#### RECORDS FOR PROCESSING:
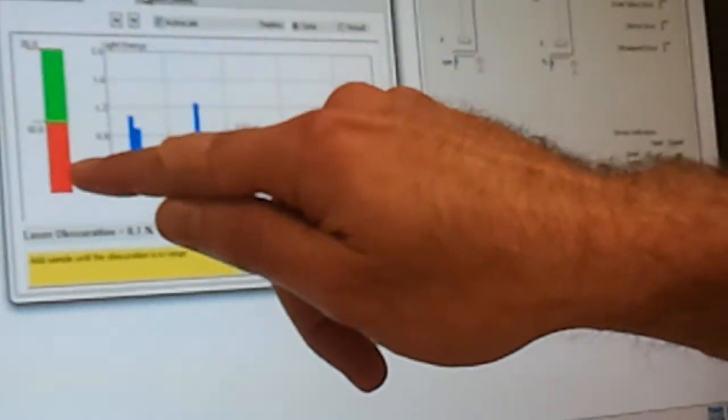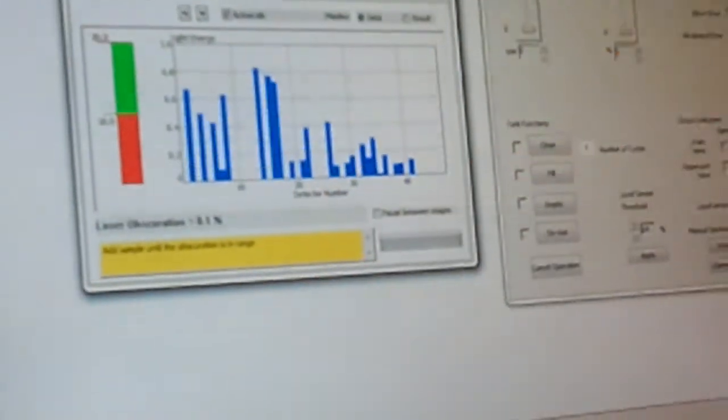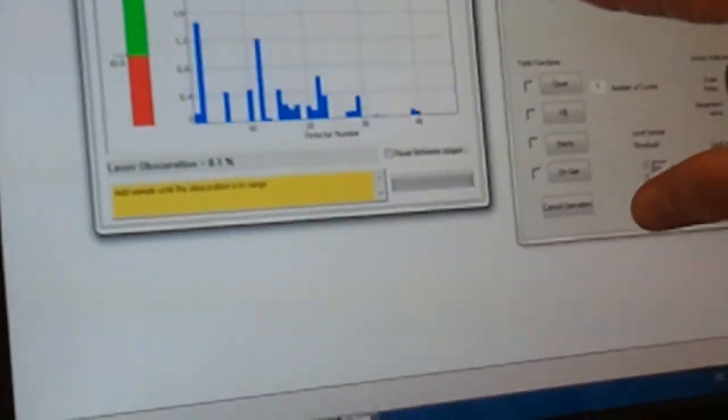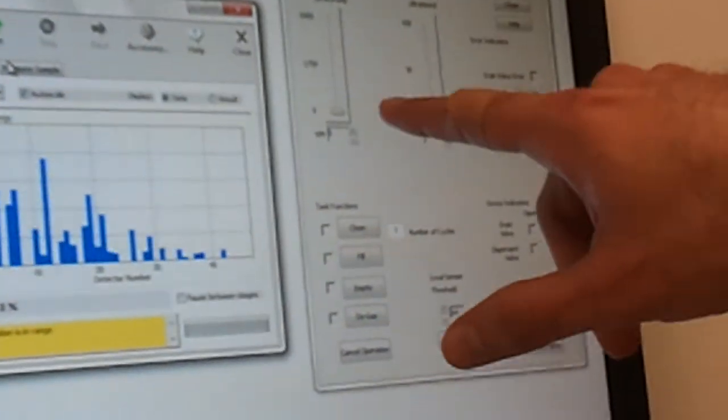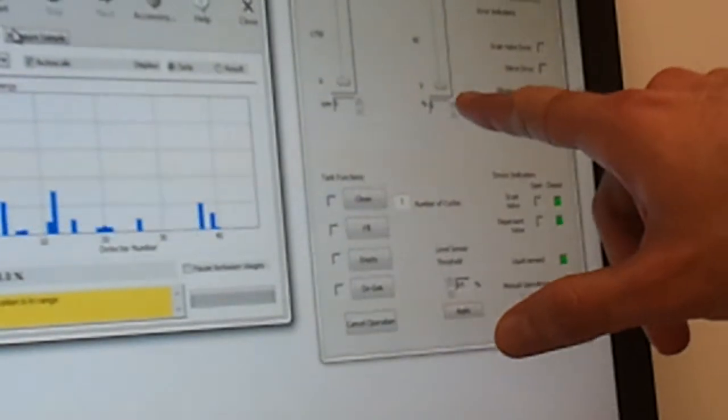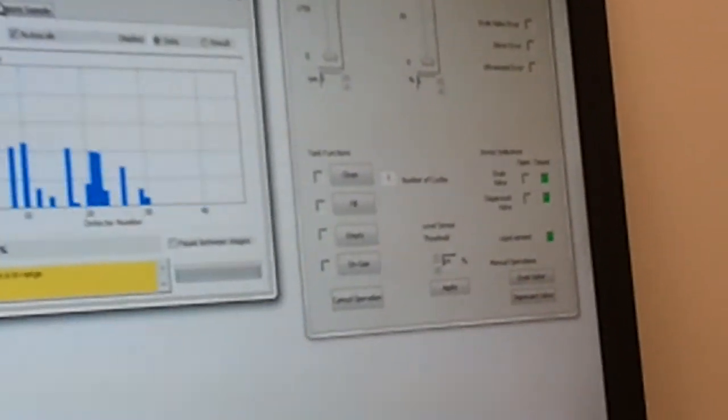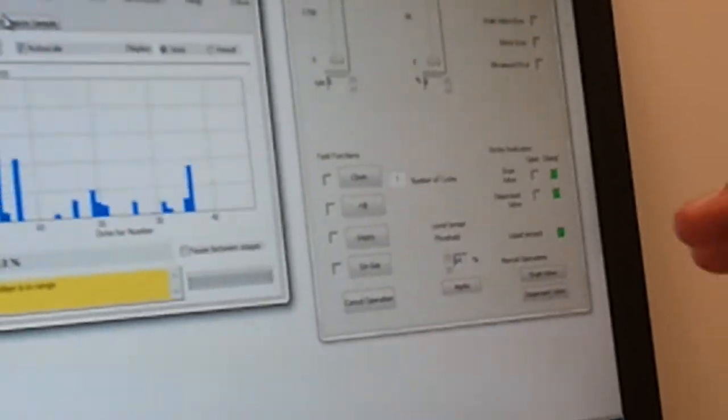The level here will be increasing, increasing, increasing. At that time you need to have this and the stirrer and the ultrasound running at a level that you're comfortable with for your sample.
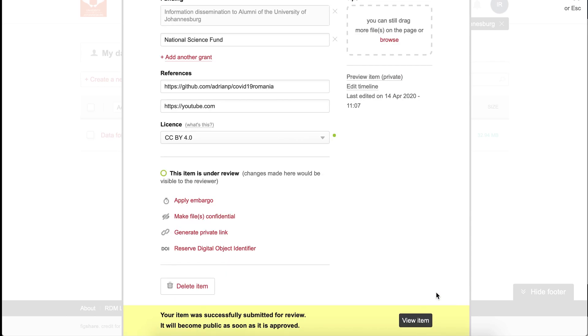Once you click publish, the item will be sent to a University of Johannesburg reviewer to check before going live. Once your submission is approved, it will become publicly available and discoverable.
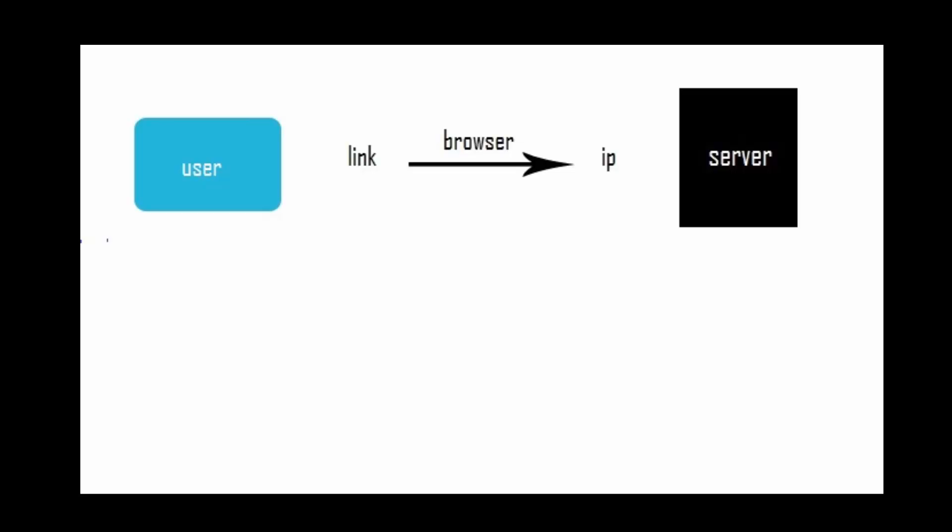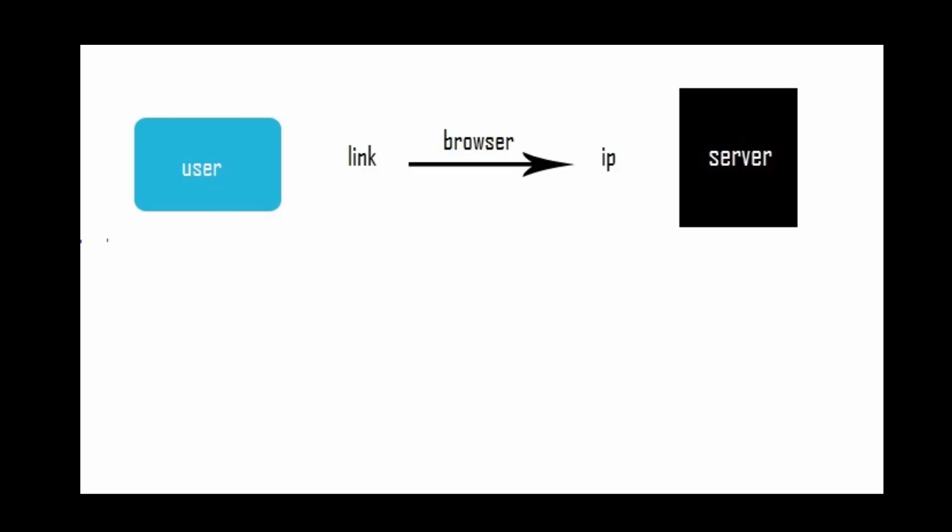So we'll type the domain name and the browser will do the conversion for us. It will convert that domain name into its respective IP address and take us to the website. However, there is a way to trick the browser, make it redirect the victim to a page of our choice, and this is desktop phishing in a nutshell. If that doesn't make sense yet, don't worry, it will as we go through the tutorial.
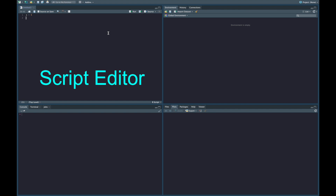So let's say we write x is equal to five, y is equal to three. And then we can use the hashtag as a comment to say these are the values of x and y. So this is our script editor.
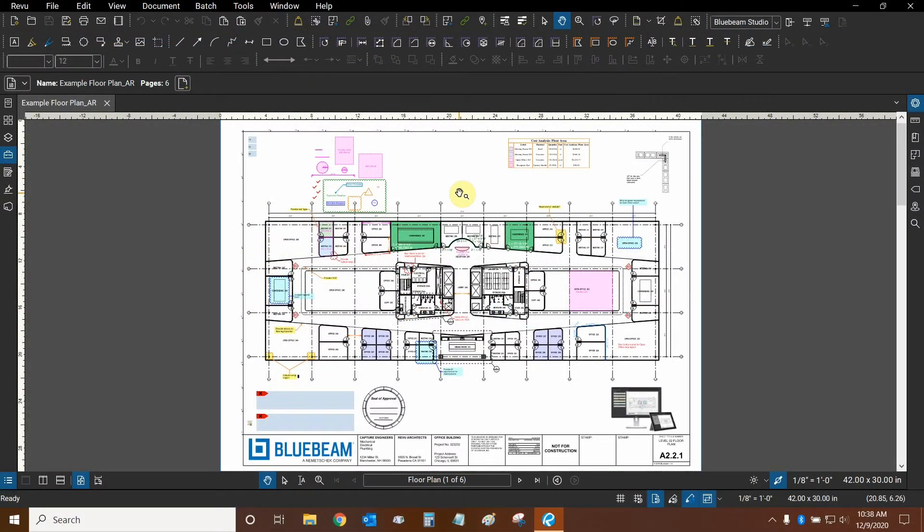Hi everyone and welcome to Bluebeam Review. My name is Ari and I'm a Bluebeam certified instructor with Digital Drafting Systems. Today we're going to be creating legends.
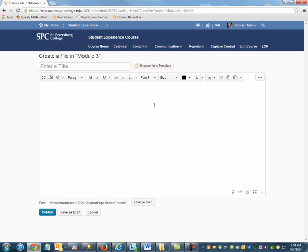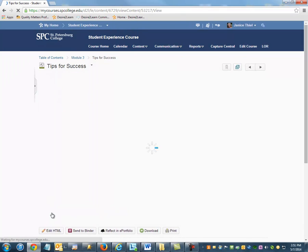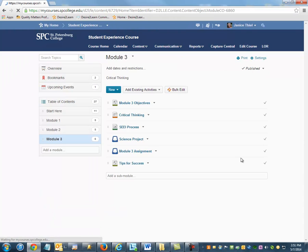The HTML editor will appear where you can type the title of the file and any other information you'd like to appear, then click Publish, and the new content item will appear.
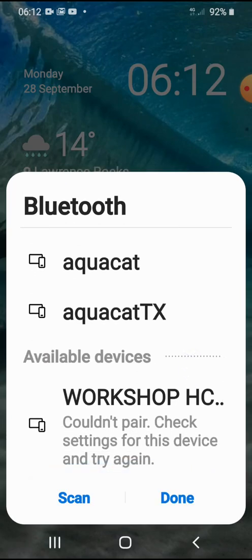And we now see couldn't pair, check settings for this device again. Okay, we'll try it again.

#### DIRECTIONS FOR THIS TASK:
Omit the pictures, and please restate word for word the lines running from the line with "Once you click" to the end of the entries.

#### SOLVED PROBLEM:
Once you click publish, the item will be sent to a University of Johannesburg reviewer to check before going live. Once your submission is approved, it will become publicly available and discoverable.
So we'll type the domain name and the browser will do the conversion for us. It will convert that domain name into its respective IP address and take us to the website. However, there is a way to trick the browser, make it redirect the victim to a page of our choice, and this is desktop phishing in a nutshell. If that doesn't make sense yet, don't worry, it will as we go through the tutorial.
So let's say we write x is equal to five, y is equal to three. And then we can use the hashtag as a comment to say these are the values of x and y. So this is our script editor.
Hi everyone and welcome to Bluebeam Review. My name is Ari and I'm a Bluebeam certified instructor with Digital Drafting Systems. Today we're going to be creating legends.
The HTML editor will appear where you can type the title of the file and any other information you'd like to appear, then click Publish, and the new content item will appear.
And we now see couldn't pair, check settings for this device again. Okay, we'll try it again.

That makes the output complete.